Justinian's churches, indeed, are the best known of his buildings. In Oriental church-architecture his reign forms a landmark: up to his time Christian architects had still been using two patterns copied straight from Old Roman models. The first was the round domed church, whose origin can be traced back to such Roman originals as the celebrated Temple of Vesta of such the Church of the Holy Sepulchre at Rome may serve as a type. The second was the rectangular church with apses, which was nothing more than an adaptation for ecclesiastical purposes of the Old Roman law-courts, and which had borrowed from them its name of Basilica. St. Paul's Outside the Walls, at Rome is a fair specimen. Justinian brought into use for the first time on a large scale the combination of a cruciform ground-plan and a very large dome. The famous Church, of St. Sophia may serve as the type of this style. The great cathedral of Constantinople had already been burnt down twice, as we have had occasion to relate: the first time on the eve of the banishment of John Chrysostom, the second in the, great "Nika" riot of 532. Within forty days of its destruction Justinian had commenced preparations for rebuilding it as a monument of his triumph in the civil strife. He chose as his architect Anthemius of Tralles, the greatest of Byzantine builders, and one of the few whose names have survived. The third church was different in plan from either of its predecessors, showing the new combination which we have already specified. It is a Greek cross, 241 feet long and 224 broad, having in its midst a vast dome, pierced by no less than forty windows, light and airy and soaring 180 feet above the floor. In the nave the aisles and side apses are parted from the main central spaces by magnificent colonnades of marble pillars, the majority of verde antique. These are not for the most part the work of Justinian's day, but were plundered from the chief pagan temples of Asia, which served as an inexhaustible quarry for the Christian builder. The whole of the interior, both roof and dome, was covered with gilding or mosaics, which the Vandalism of the Turks has covered with a coat of whitewash, to hide the representations of human forms which are offensive to the Moslems' creed.
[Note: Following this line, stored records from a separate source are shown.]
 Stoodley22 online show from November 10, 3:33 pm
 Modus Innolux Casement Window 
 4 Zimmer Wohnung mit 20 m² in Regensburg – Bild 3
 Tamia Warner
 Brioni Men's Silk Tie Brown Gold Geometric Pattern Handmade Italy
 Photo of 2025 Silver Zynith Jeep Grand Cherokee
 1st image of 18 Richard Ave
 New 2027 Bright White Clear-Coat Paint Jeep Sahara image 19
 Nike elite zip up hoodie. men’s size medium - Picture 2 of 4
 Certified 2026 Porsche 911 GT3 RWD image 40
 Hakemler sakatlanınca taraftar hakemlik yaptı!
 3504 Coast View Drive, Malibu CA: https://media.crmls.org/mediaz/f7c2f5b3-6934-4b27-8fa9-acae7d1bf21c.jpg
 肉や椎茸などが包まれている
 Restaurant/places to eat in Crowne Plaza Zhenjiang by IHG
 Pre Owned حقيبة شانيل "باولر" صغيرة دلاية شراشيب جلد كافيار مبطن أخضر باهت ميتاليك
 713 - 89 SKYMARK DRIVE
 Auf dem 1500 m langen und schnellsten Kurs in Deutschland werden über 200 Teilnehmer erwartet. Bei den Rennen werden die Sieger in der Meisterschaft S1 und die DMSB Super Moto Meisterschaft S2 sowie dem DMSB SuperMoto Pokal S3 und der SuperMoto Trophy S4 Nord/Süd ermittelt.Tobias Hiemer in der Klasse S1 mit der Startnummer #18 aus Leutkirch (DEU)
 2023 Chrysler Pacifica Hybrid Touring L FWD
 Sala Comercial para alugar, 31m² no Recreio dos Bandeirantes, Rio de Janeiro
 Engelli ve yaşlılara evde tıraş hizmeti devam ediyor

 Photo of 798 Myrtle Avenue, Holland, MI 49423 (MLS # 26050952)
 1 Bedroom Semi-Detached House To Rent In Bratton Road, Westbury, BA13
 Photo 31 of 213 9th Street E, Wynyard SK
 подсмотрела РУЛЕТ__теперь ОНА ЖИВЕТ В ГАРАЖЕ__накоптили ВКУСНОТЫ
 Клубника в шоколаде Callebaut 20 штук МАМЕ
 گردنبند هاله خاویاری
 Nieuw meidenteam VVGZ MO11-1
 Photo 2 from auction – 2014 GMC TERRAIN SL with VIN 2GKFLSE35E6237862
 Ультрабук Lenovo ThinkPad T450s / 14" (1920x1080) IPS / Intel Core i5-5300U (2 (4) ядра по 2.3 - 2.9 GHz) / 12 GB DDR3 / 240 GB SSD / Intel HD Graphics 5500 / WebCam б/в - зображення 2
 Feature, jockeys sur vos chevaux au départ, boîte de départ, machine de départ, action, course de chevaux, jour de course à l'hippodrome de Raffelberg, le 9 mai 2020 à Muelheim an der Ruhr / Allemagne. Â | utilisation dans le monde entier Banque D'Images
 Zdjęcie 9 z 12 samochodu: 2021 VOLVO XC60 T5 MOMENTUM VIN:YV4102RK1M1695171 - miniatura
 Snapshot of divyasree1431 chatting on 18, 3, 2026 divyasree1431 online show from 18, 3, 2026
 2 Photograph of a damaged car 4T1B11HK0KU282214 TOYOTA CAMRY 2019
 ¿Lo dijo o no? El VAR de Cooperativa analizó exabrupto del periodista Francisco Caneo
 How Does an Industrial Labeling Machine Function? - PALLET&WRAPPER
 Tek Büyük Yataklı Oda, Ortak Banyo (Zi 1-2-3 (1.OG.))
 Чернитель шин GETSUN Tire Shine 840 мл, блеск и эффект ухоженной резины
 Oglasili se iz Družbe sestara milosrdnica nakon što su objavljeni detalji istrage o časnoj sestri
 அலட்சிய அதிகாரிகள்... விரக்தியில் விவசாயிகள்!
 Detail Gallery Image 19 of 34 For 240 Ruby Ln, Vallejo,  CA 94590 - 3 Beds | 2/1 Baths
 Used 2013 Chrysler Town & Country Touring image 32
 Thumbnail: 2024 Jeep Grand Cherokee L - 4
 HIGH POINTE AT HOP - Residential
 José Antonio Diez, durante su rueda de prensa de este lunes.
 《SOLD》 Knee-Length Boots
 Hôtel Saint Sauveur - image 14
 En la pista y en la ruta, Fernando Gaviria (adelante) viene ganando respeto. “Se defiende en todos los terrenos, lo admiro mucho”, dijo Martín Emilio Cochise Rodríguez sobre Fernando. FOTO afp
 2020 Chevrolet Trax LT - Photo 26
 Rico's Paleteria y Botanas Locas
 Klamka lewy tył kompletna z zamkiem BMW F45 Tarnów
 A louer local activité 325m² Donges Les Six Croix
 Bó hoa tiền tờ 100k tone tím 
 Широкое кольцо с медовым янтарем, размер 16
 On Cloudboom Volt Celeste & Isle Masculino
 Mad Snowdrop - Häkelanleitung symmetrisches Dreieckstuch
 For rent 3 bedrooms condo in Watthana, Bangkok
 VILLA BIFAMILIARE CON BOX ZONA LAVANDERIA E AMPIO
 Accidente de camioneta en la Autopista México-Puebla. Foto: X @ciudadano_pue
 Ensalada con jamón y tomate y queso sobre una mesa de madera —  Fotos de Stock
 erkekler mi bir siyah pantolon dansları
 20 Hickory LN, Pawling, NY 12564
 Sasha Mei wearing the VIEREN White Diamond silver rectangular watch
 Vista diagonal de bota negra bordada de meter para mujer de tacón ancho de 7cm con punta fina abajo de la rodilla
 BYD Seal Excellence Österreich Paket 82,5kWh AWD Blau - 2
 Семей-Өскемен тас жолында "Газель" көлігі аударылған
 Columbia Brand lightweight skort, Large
Procopius describes the church with enthusiasm, and his praises are well justified.

[Illustration] from The Byzantine Empire by C. W. C. Oman

COLUMS IN ST. SOPHIA.


"It presents a most glorious spectacle, extraordinary to those who behold it, and altogether incredible to those who know it by report only. In height it rises to the very heavens, and overtops the neighbouring buildings like a ship anchored among them. It towers above the city which it adorns, and from it the whole of Constantinople can be beheld, as from a watch-tower. Its breadth and length are so judiciously chosen, that it appears both broad and long without disproportion. For it excels both in size and harmony, being more magnificent than ordinary buildings, and much more elegant than the few which approach it in size. Within it is singularly full of light and sunshine; you would declare that the place is not lighted from without, but that the rays are produced within itself, such an abundance of light is poured into it. The gilded ceiling adds glory to its interior, though the light reflected upon the gold from the marble surpasses it in beauty. Who can tell of the splendour of the columns and marbles with which the church is adorned? One would think that one had come upon a meadow full of flowers in bloom—one wonders at the purple tints of some, the green of others, the glowing red and glittering white, and those, too, which nature, like a painter, has marked with the strongest contrasts of colour. Moreover, it is impossible accurately to describe the treasures of gold and silver plate and gems which the Emperor has presented to the church: the Sanctuary alone contains forty thousand pounds weight of silver."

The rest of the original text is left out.